> _TASK DATA_:
^^^^^^^^
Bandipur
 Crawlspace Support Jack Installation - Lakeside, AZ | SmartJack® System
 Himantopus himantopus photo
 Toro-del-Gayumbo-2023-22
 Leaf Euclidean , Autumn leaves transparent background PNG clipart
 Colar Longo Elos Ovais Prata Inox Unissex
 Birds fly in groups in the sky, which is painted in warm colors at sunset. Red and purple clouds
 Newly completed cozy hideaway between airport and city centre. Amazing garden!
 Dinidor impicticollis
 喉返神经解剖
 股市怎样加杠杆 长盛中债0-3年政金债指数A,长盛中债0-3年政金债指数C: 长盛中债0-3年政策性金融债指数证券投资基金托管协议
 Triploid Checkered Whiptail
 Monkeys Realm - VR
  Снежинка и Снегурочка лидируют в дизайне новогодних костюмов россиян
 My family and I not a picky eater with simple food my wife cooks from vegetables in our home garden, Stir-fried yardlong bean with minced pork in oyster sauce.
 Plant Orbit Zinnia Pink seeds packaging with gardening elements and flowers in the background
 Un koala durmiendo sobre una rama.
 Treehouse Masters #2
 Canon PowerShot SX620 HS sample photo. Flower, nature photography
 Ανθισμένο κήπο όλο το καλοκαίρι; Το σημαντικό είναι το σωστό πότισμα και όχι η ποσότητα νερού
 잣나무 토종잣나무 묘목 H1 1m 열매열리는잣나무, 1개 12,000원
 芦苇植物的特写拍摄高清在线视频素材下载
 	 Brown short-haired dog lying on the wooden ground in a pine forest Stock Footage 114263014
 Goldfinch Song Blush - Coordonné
^^^^^^^^
> _THE PROBLEM_:
Your output should be an exact copy of the lines from the top of the listing above to the line with "Birds fly in", both ends included.

> _RESPONSE TO THE TASK_:
Bandipur
 Crawlspace Support Jack Installation - Lakeside, AZ | SmartJack® System
 Himantopus himantopus photo
 Toro-del-Gayumbo-2023-22
 Leaf Euclidean , Autumn leaves transparent background PNG clipart
 Colar Longo Elos Ovais Prata Inox Unissex
 Birds fly in groups in the sky, which is painted in warm colors at sunset. Red and purple clouds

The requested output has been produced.